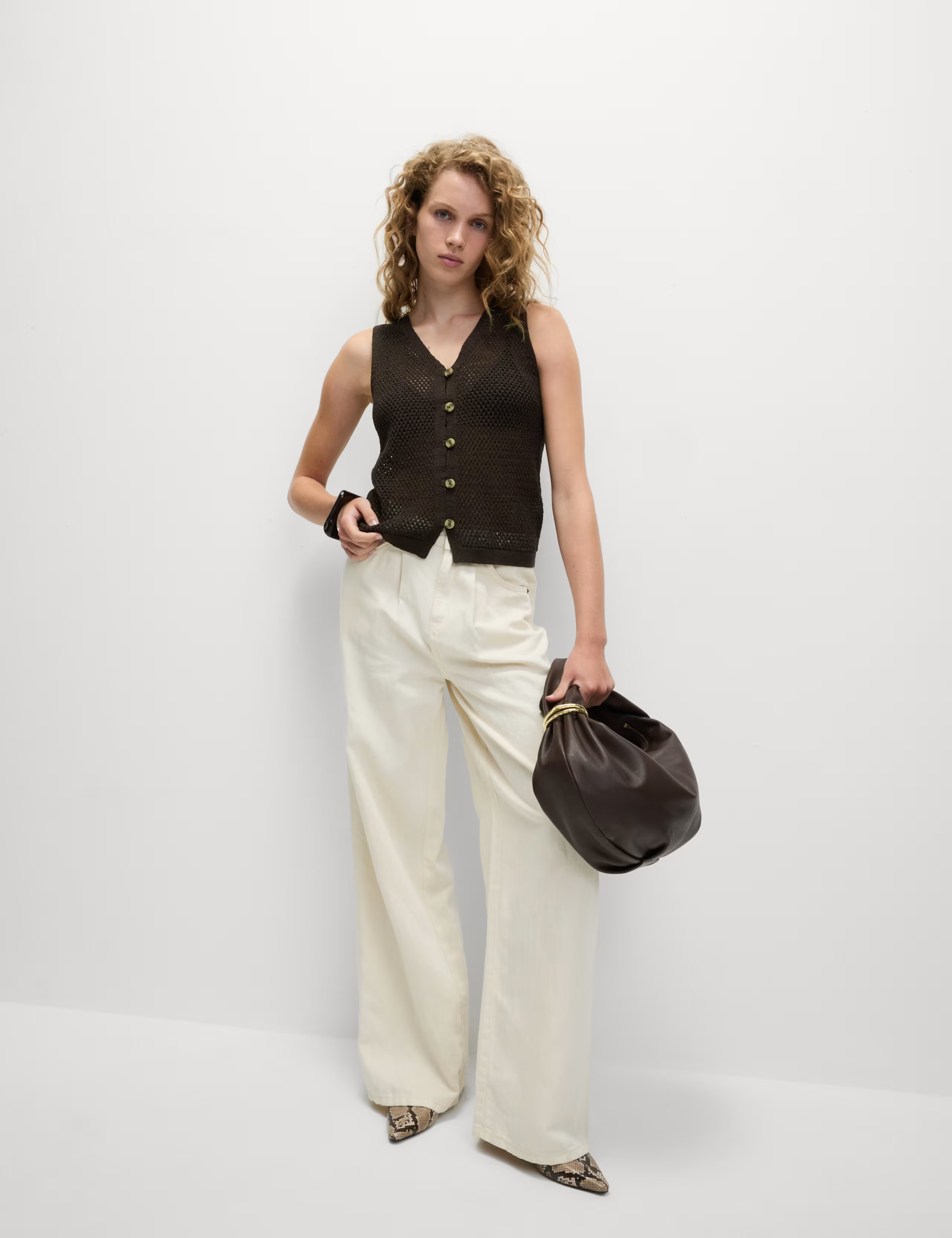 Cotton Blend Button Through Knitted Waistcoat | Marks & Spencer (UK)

-----

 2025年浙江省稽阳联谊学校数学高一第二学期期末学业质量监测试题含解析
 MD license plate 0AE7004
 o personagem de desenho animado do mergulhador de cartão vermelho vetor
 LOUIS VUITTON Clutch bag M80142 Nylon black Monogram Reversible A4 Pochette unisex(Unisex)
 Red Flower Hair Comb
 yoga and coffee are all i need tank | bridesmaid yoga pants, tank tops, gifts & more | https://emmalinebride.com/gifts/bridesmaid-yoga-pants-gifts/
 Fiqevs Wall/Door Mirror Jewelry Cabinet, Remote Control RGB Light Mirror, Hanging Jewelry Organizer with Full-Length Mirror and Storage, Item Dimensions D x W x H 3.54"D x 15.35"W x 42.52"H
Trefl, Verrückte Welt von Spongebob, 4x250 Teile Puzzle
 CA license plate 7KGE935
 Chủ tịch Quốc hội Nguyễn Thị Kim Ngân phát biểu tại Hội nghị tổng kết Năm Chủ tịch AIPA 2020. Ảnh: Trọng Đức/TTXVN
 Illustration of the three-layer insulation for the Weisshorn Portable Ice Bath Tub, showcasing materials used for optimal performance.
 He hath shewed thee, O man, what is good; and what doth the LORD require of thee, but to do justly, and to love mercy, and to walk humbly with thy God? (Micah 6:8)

-----

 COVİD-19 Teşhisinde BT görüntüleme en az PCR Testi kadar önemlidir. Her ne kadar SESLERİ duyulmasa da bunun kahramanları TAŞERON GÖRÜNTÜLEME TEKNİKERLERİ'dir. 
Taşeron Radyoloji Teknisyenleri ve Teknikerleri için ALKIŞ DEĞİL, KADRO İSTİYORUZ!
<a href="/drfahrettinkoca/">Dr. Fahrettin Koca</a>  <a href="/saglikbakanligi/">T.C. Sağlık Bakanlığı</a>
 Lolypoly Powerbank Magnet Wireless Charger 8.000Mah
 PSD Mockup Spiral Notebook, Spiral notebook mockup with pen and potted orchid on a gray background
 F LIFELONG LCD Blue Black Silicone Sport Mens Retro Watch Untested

-----

▶ [DESCRIPTION OF THE TASK] Reproduce exactly the entries above, limited to the lines from the one with "Lolypoly Powerbank Magnet" through the one with "F LIFELONG LCD", both included.

▶ [SOLVED EXERCISE]
 Lolypoly Powerbank Magnet Wireless Charger 8.000Mah
 PSD Mockup Spiral Notebook, Spiral notebook mockup with pen and potted orchid on a gray background
 F LIFELONG LCD Blue Black Silicone Sport Mens Retro Watch Untested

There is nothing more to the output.